Amis ou copains, l’amitié chez les petits

AuteurCatherine Graindorge du même auteur
Catherine Graindorge est professeur de psychiatrie infanto-juvénile à Paris XI et chef de service de la Fondation Vallée dans le Val-de-Marne[*][*] Fondation Vallée, 7, rue Benserade, 94257 Gentilly Cedex. ...
suite.


La plupart des enfants font très bien la différence entre les copains et les amis, et cela assez vite. Les amis sont ceux à qui on « livre tout » : ses secrets, ses peines mais aussi ses joies. « On est sûr d’un ami », il ne vous lâchera pas, ne vous trahira pas, vous soutiendra dans les moments durs de la vie (séparation parentale, échec scolaire, etc.) Les copains… c’est différent. On peut partager avec eux certains moments de vie bien circonscrits (sports, jeux, loisirs, etc.), mais les affinités ne sont pas assez fortes pour qu’on puisse véritablement se confier à eux : « Un copain, on n’en est jamais sûr. »
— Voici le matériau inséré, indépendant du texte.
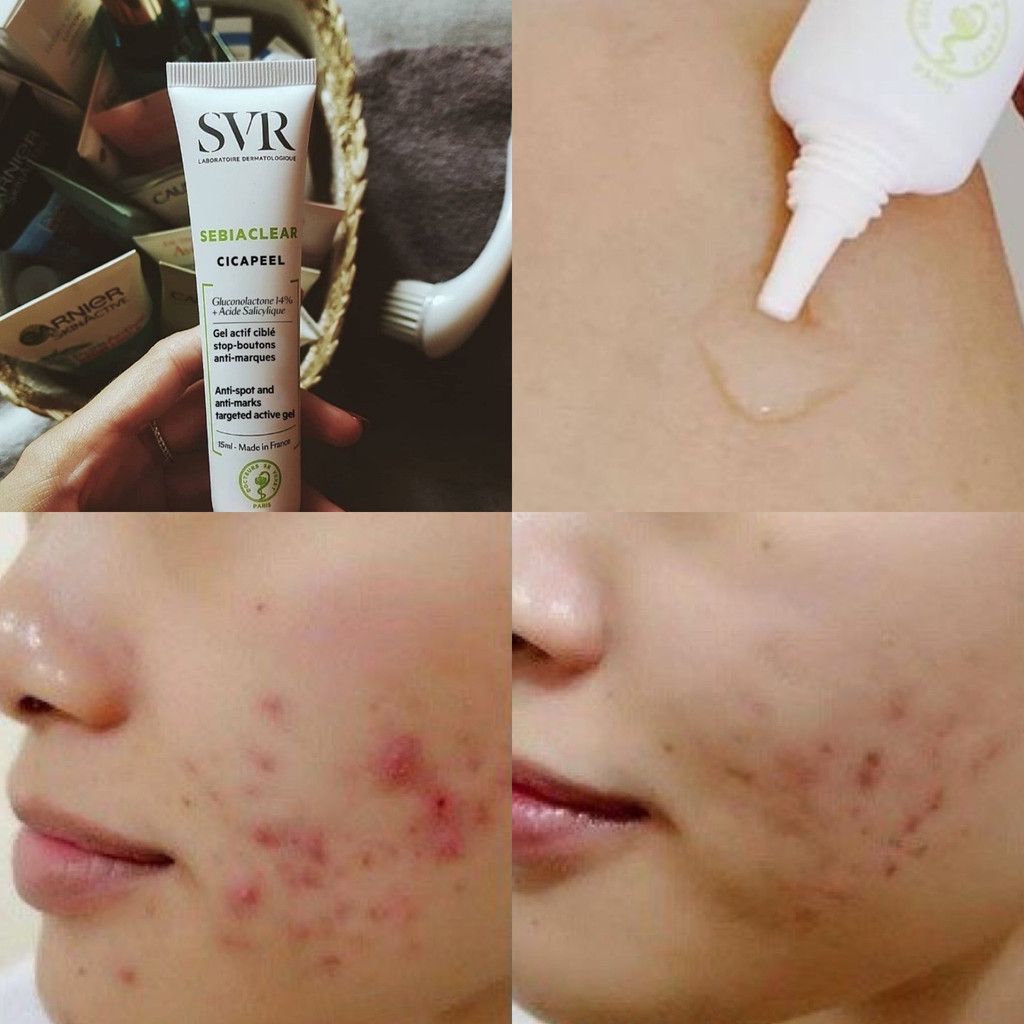 Gel chấm mụn SVR SEBIACLEAR Cicapeel 15ml làm giảm sưng mụn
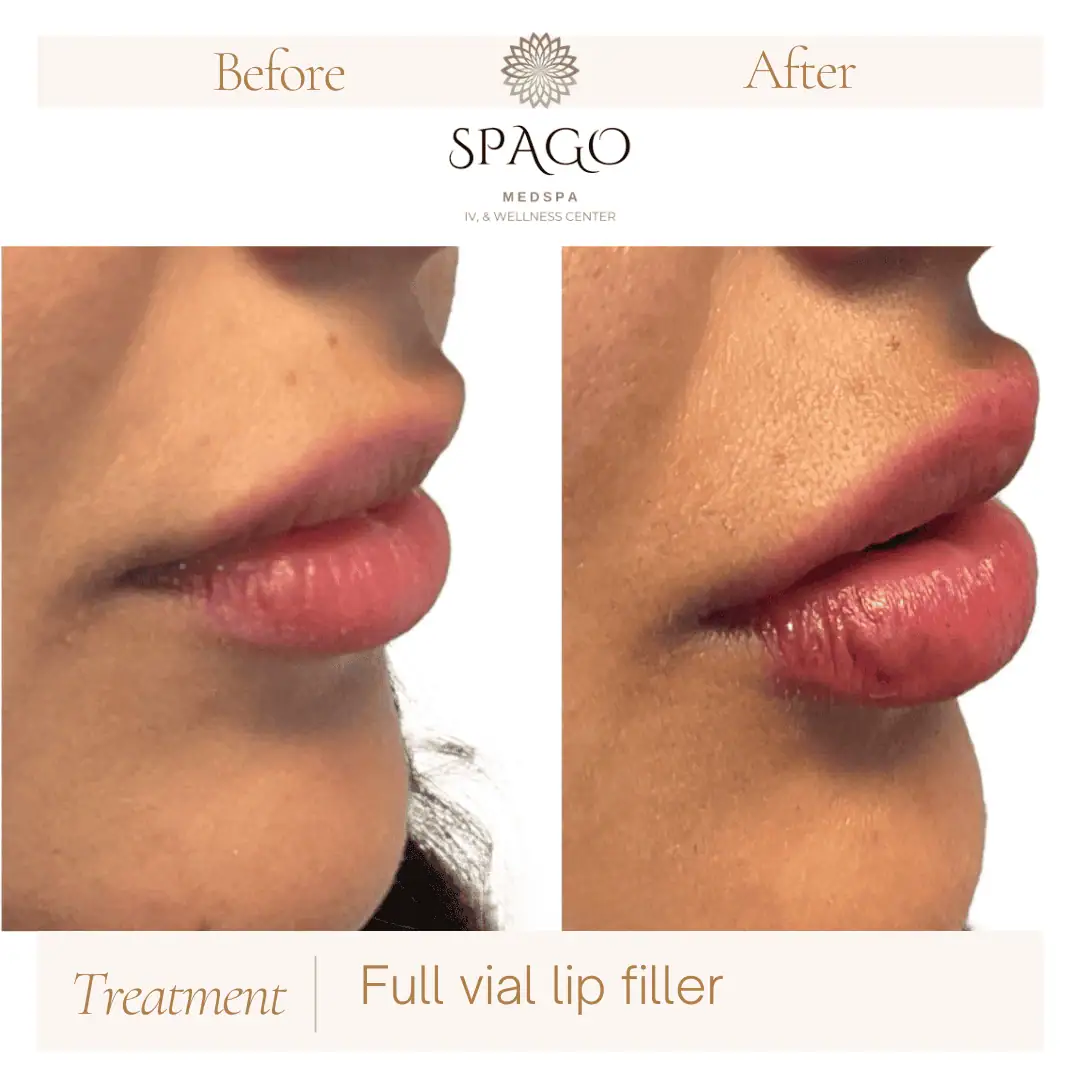 Lip Filler Before & After (14)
2 Par ailleurs, une chose est claire : l’amitié n’est pas l’équivalent d’une relation fraternelle, même si elle se situe au même niveau générationnel (celui des pairs et non des pères, avec qui on ne peut pas partager au même titre !). Elle est même souvent présentée par les petits comme radicalement différente et, en cela, agréable : « Mon frère, je l’ai pas choisi, mon ami, si. »
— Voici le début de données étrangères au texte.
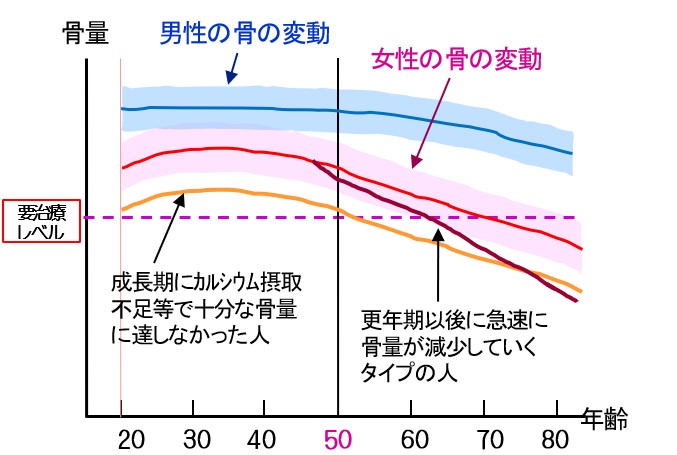 骨量の推移グラフ.jpg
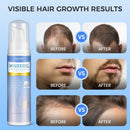 5% Minoxidil Foam for Men & Women, Hair Regrowth Treatment for Thinning Hair & Beard Growth, Extra Strength Topical Foam, Clinically Proven Hair Loss Treatment, 6 Month Supply (14OZ Total) Infinity Warehouse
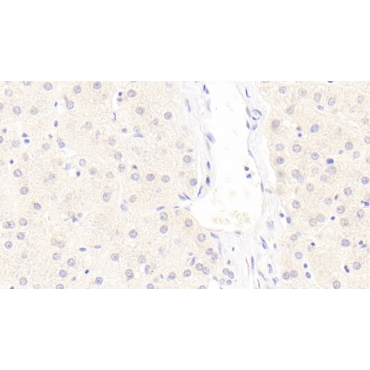 Low Density Lipoprotein Receptor Related Protein 6 (LRP6) Human Monoclonal Antibody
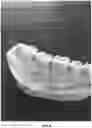Fig. 06 - HEMOSTATIC PASTE WITH LIGHT-CURABLE FEATURE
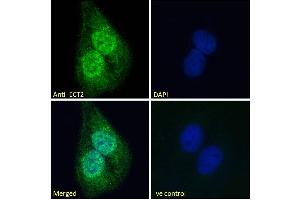 (ABIN185018) Immunofluorescence analysis of paraformaldehyde fixed U2OS cells, permeabilized with 0.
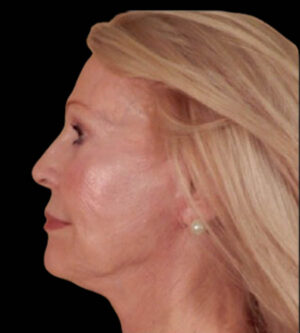 Facelift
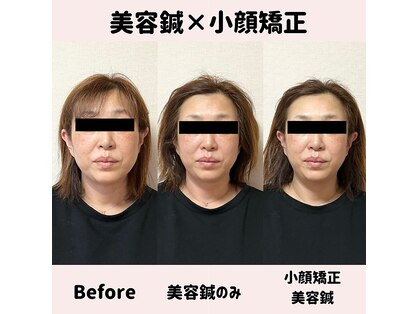 ワッカ 広尾(WACCA)の写真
3 Il faut cependant que les adultes restent assez souples pour laisser les enfants devenir eux-mêmes, sans vouloir à tout prix leur apprendre l’amitié, ce qui est impossible. « Aime-moi », « Aime-le » restent des messages parfaitement paradoxaux ! « L’amour et l’amitié, ça ne se commande pas », mystérieux tissage dont la trame (narcissique) et la chaîne (objectale) peuvent être « décortiquées », sans pourtant expliquer la beauté de l’étoffe. L’amitié c’est comme l’amour… c’est de l’art ! Les proverbes, creuset de la sagesse populaire, ne s’y sont pas trompés, puisqu’ils se contredisent en la matière : « Les contraires s’attirent » versus « Qui se ressemble s’assemble »…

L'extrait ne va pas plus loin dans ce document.